### What this task involves
Your copy of the data should match it exactly, except that the pictures are gone.
** Opening Given records block **
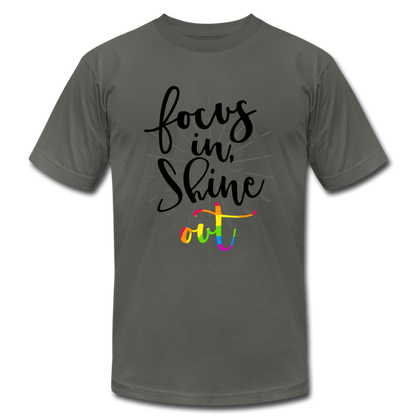 Focus in Shine Out BR Unisex Jersey T-Shirt by Bella + Canvas - asphalt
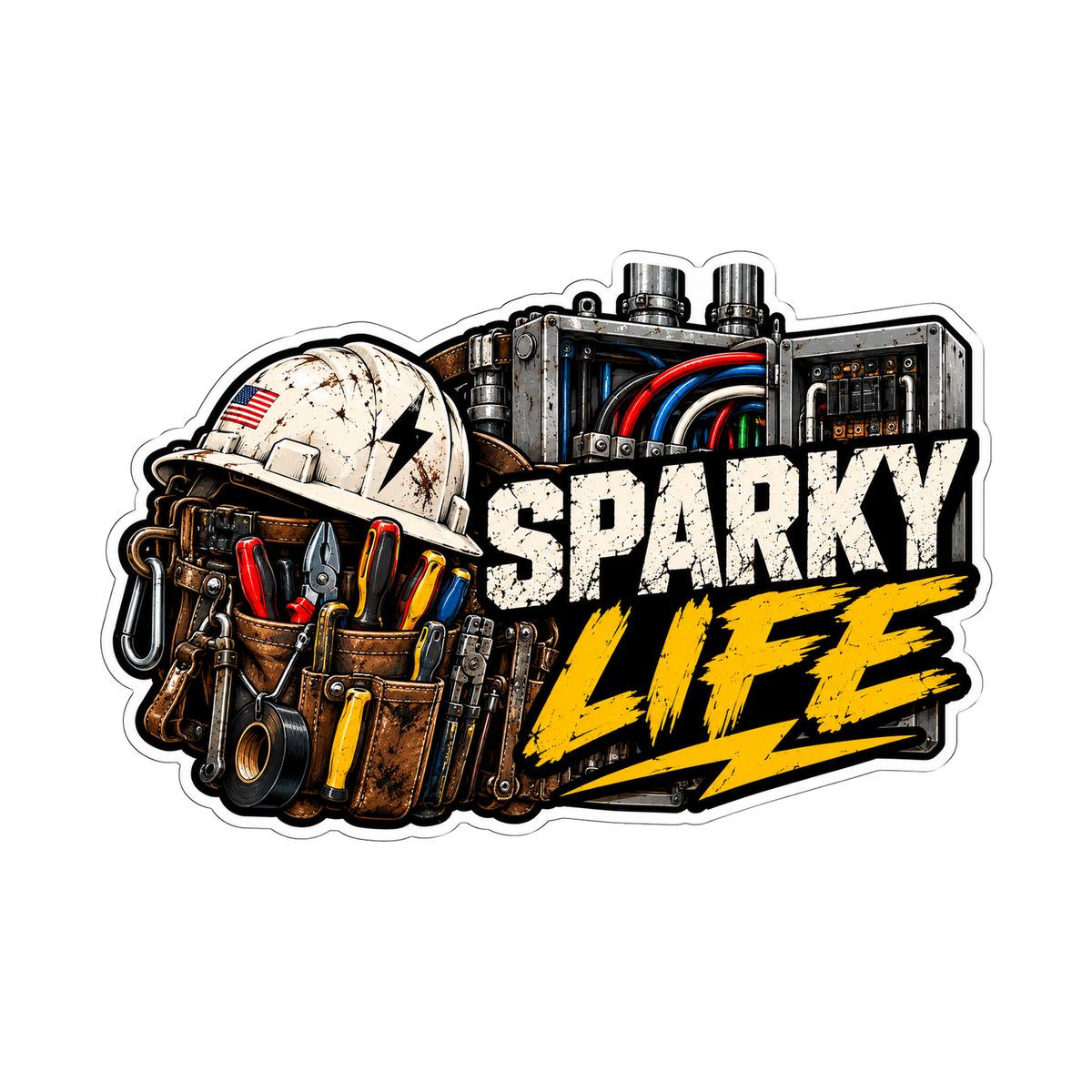 Sparky Life Decal - hard hat decal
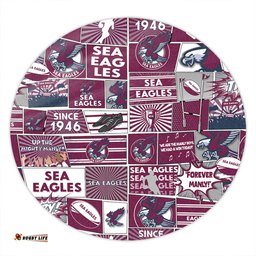 Amazing Aussie Manly Warringah Sea Eagles Team Of Us Die Hard Fan Supporters Comic Style Round Rug
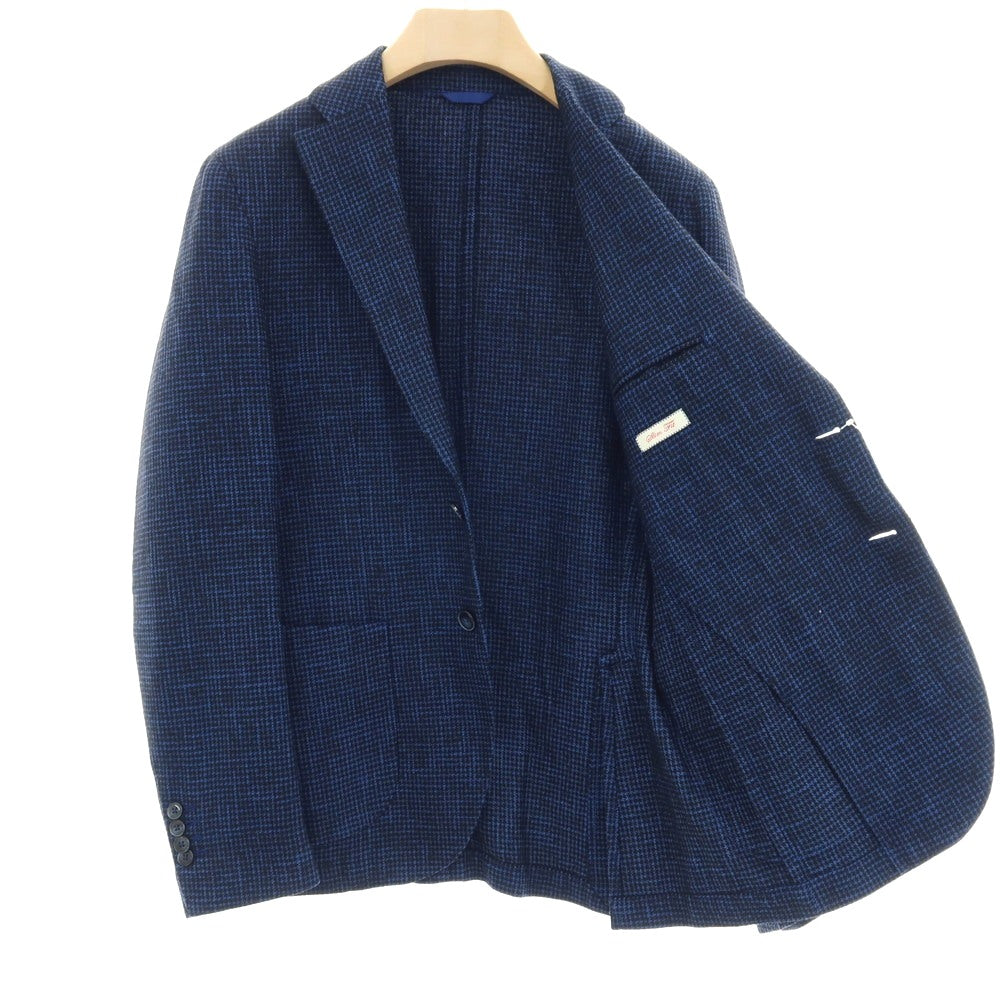 【中古】エルビーエム1911 L.B.M.1911 コットンウールナイロン ハウンドトゥース 2B カジュアルジャケット ネイビー【サイズ50】【 状態ランクB 】【 メンズ 】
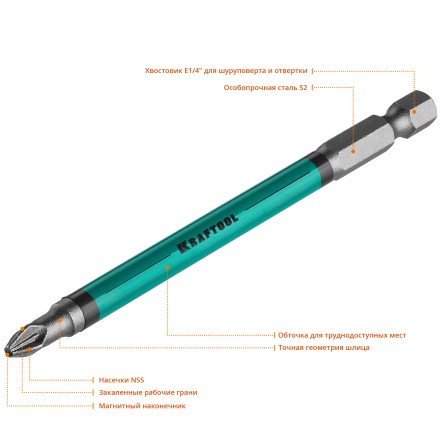 Биты KRAFTOOL OPTIMUM PZ 26124-2-100-10 купить в Надыме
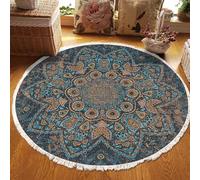 MODRYER Tapis Bohème Rond en Imitation Coton Et Lin, Grand Format Doux avec Pompons, Antidérapant Lavable en Machine, Idéal pour Chambre, Couloir Ou Salon, 100cm/39.4in-C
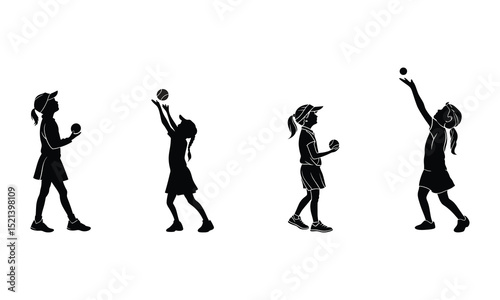 Vector silhouette design of some little girls playing with tennis balls on white background,
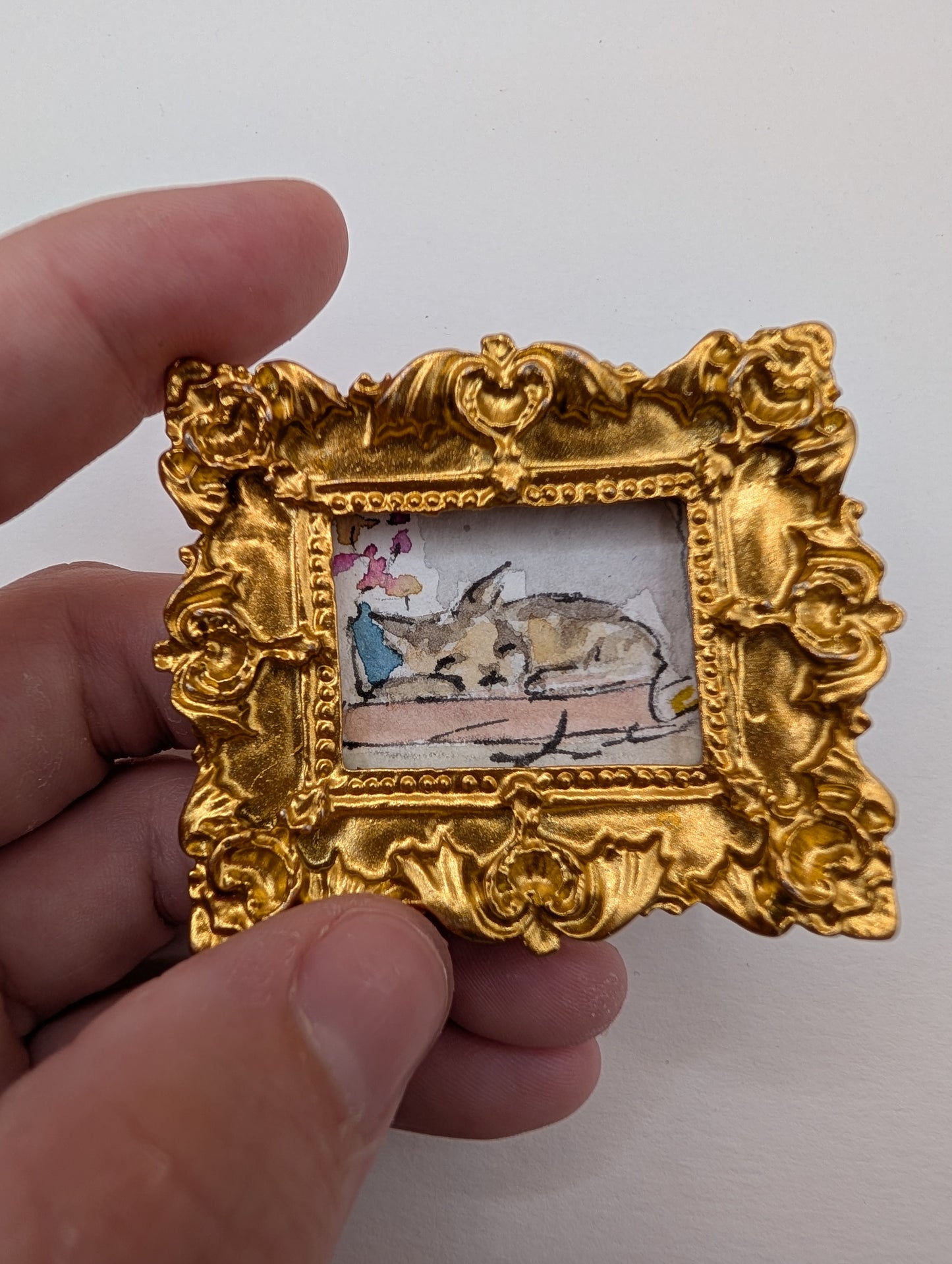 Mini Sleeping Cat Painting - Original Watercolor Art by Lora Cavallin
** Closing Given records block **
### Task result
 Focus in Shine Out BR Unisex Jersey T-Shirt by Bella + Canvas - asphalt
 Sparky Life Decal - hard hat decal
 Amazing Aussie Manly Warringah Sea Eagles Team Of Us Die Hard Fan Supporters Comic Style Round Rug
 【中古】エルビーエム1911 L.B.M.1911 コットンウールナイロン ハウンドトゥース 2B カジュアルジャケット ネイビー【サイズ50】【 状態ランクB 】【 メンズ 】
 Биты KRAFTOOL OPTIMUM PZ 26124-2-100-10 купить в Надыме
 MODRYER Tapis Bohème Rond en Imitation Coton Et Lin, Grand Format Doux avec Pompons, Antidérapant Lavable en Machine, Idéal pour Chambre, Couloir Ou Salon, 100cm/39.4in-C
 Vector silhouette design of some little girls playing with tennis balls on white background,
 Mini Sleeping Cat Painting - Original Watercolor Art by Lora Cavallin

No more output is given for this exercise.